Task item
For the word "Resistant", tally the lines of the data that contain it and give the tally alone.

Information provided
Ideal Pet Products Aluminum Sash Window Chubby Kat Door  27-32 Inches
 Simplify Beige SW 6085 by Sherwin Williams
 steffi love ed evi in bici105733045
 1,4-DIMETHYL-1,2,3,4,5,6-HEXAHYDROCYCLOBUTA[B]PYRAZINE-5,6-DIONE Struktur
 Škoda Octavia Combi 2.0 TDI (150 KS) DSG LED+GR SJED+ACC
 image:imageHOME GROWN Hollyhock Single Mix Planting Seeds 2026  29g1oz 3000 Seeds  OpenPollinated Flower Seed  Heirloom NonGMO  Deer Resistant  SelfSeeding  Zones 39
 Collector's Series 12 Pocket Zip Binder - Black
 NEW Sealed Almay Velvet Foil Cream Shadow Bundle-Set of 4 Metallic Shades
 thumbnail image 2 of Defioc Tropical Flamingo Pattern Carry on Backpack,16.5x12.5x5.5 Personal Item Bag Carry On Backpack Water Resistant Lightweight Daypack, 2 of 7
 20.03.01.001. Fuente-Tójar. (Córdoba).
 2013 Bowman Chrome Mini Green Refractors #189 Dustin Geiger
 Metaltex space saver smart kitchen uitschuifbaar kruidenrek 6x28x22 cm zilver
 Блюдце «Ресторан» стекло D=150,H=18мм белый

Task answer
2